How to complete this task:
When you write out the listing, keep every character and omit the pictures.

Data extract:
-=-=-

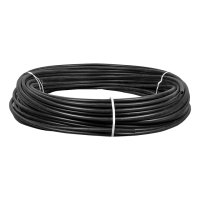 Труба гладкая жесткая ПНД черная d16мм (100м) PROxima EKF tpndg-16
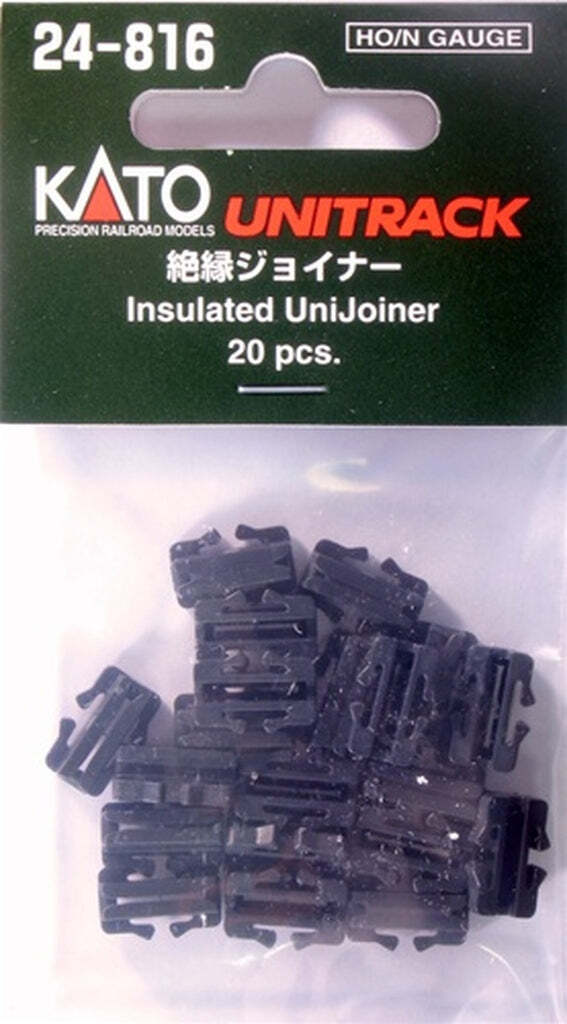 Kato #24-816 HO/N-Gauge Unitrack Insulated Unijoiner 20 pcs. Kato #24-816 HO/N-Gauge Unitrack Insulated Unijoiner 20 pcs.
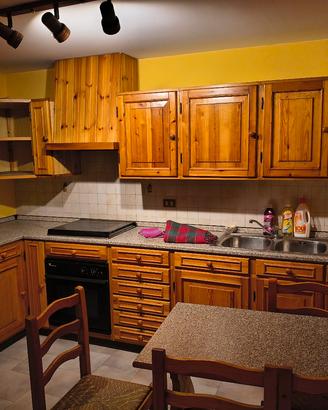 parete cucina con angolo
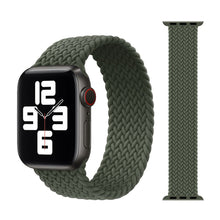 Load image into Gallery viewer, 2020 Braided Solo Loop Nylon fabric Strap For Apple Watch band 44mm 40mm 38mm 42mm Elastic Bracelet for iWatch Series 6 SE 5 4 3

-=-=-

Answer box:
 Труба гладкая жесткая ПНД черная d16мм (100м) PROxima EKF tpndg-16
 Kato #24-816 HO/N-Gauge Unitrack Insulated Unijoiner 20 pcs. Kato #24-816 HO/N-Gauge Unitrack Insulated Unijoiner 20 pcs.
 parete cucina con angolo
 Load image into Gallery viewer, 2020 Braided Solo Loop Nylon fabric Strap For Apple Watch band 44mm 40mm 38mm 42mm Elastic Bracelet for iWatch Series 6 SE 5 4 3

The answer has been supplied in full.